Williamson was drafted 13th overall by the Sacramento Kings in the 1995 NBA Draft and carved out a solid 12-year career in the league. He won an NBA Championship with the Detroit Pistons in 2004, making him the only Arkansas basketball player to win a national championship at both the college and professional level.
In 2005, at the twilight of Williamson’s playing career he returned to Sacramento, the team that drafted him, for his final two seasons.
His head coach for his final season in the NBA? Eric Musselman.
It seems poetic that the man who helped elevate the Arkansas basketball program to a different stratosphere in the 1990s would be playing for the man who is responsible for the program returning to a similar level of prominence 30 years later.

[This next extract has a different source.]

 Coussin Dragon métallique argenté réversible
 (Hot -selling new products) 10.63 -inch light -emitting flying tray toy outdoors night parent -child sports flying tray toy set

After retirement from the NBA, Williamson began his own coaching journey at Arkansas Baptist before taking the head coaching job at Central Arkansas in 2010. In 2013, he returned to Sacramento as an assistant coach and quickly became one of the most respected assistants in the NBA with stops in Orlando and Phoenix.
At the end of the 2019 NBA season, Williamson returned to his home state to be an assistant coach at Little Rock Christian Academy, where his middle son, Creed, attended up until earlier this year, and his youngest son, Corliss Jr. (CJ), is currently enrolled.
Best of Arkansas Sports had the honor of sitting down and catching up with the Arkansas basketball legend at Little Rock Christian before the upcoming season. He gave us his thoughts on being back in the state, coaching his sons, Arkansas basketball under Musselman and much more.
Coaching His Sons
BOAS: You’ve had various stops in the NBA and college ranks as a coach. How does it feel to be back in the state and coaching at the high school level?
Williamson: It feels great. Having the opportunity to come back home is refreshing after being on the road for so long. Having the opportunity to coach at the high school level has been a good experience.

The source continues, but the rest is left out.